2 views

I have implemented Q-Learning as described in,

http://web.cs.swarthmore.edu/~meeden/cs81/s12/papers/MarkStevePaper.pdf

In order to approx. Q(S, A) I use a neural network structure like the following,

• Activation sigmoid

• Inputs, number of inputs + 1 for Action neurons (All Inputs Scaled 0-1)

• Outputs, single output. Q-Value

• N number of M Hidden Layers.

• Exploration method random 0 < rand() < propExplore

At each learning iteration using the following formula, I calculate a Q-Target value then calculate an error using,

error = QTarget - LastQValueReturnedFromNN

and backpropagate the error through the neural network.

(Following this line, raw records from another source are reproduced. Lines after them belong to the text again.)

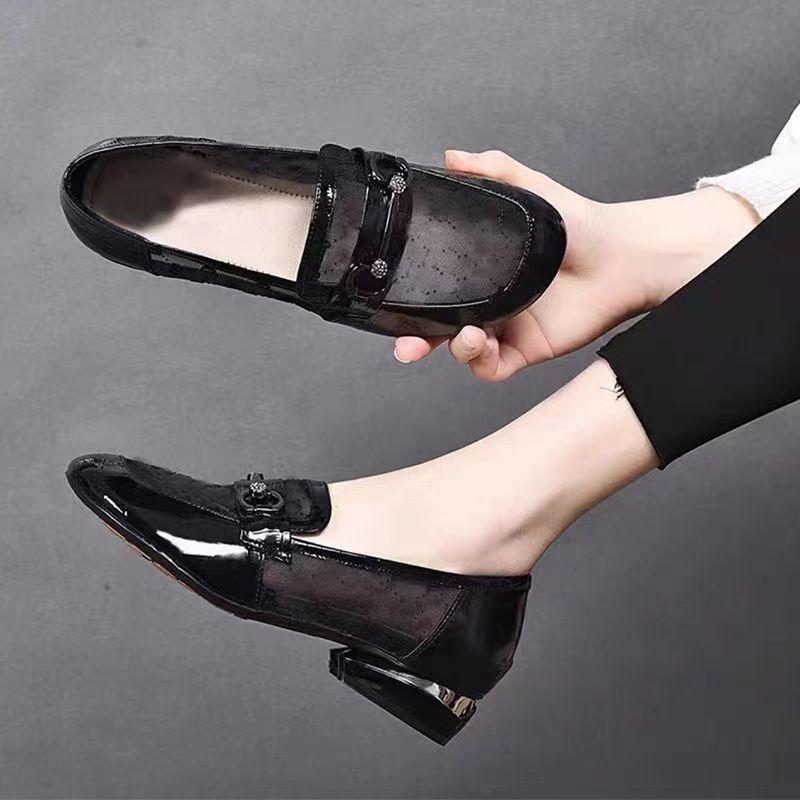 

Popular mesh leather women s shoes 2025 new loafer hollow thin single shoes spring and summer flat-soled soft-soled leather shoes 35 чёрный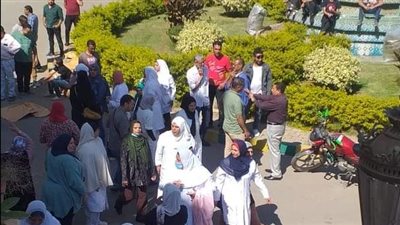 احتجاجات عمال شركة سيد للأدوية تستمر لليوم الـ 5 على التوالي | صور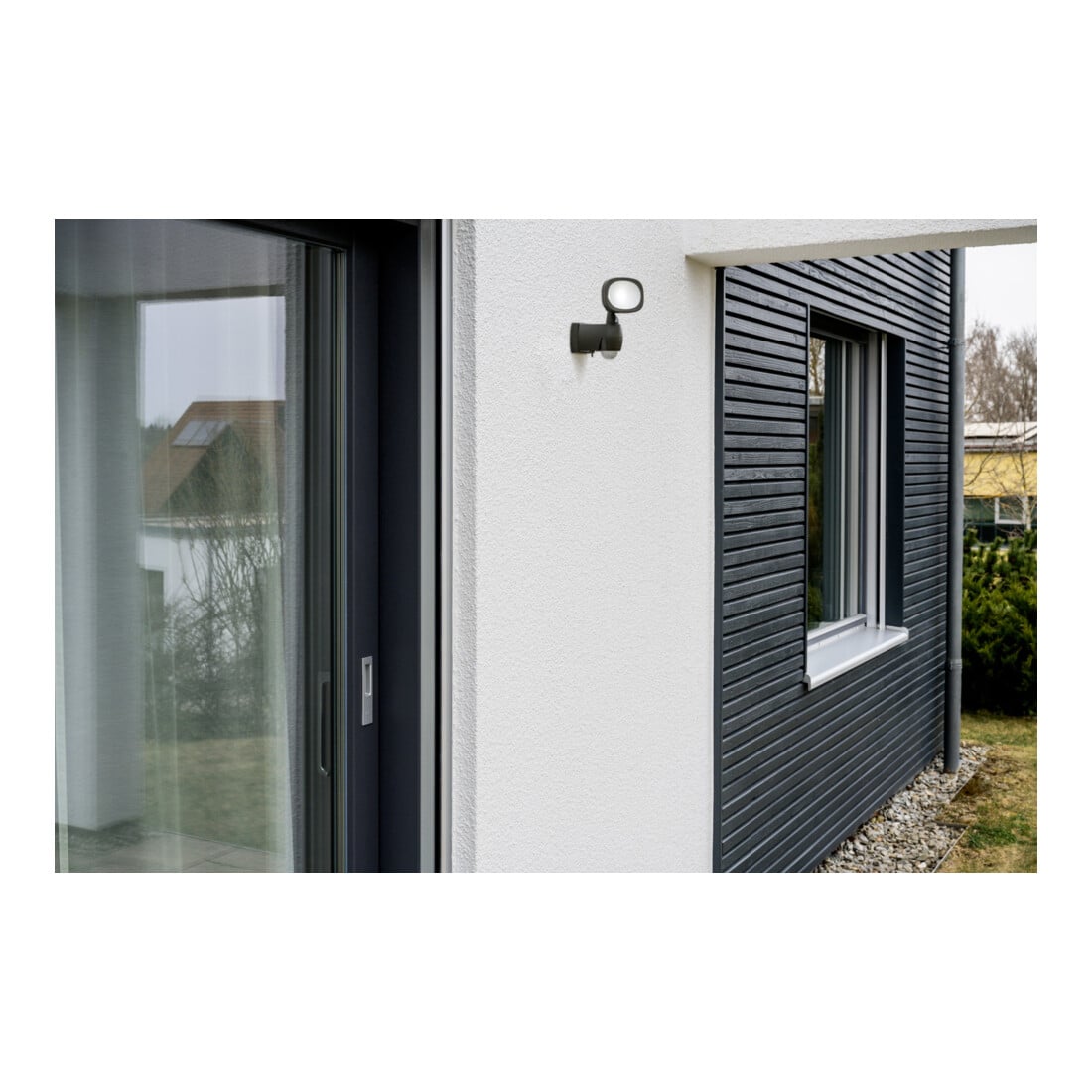 Batterie LED Strahler LUFOS  mit Infrarot-Bewegungsmelder IP44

Q1, Am I on the right track? I have seen some papers that implement an NN with one output neuron for each action.

Q2, My reward function returns a number between -1 and 1. Is it ok to return a number between -1 and 1 when the activation function is sigmoid (0 1)

Q3, From my understanding of this method given enough training instances it should be quarantined to find an optimal policy wight? When training for XOR sometimes it learns it after 2k iterations sometimes it won't learn even after 40k 50k iterations.

by (108k points)

Answer to your 1st question, the neural network is trained by comparing the output to a target for a given set of inputs and generating an error value. This error is then used to update the connections and/or the weight of those connections in the neural net.

The answer to your second question is that the reward is defined in terms of the task to be achieved. The positive reward is given for successfully achieving the task or for any action that brings the agent closer to solving the task while the negative reward is given for any actions that impede the agent from successfully achieving the task. Sigmoid is typically used for classification.

The answer to your third question is that the results in your referred paper also show that the more complex the environment gets, the better the neural net implementation does over the q-table implementation. We anticipate that the difference between the two approaches in the complex environment might only become apparent after more than 30000 learning iterations.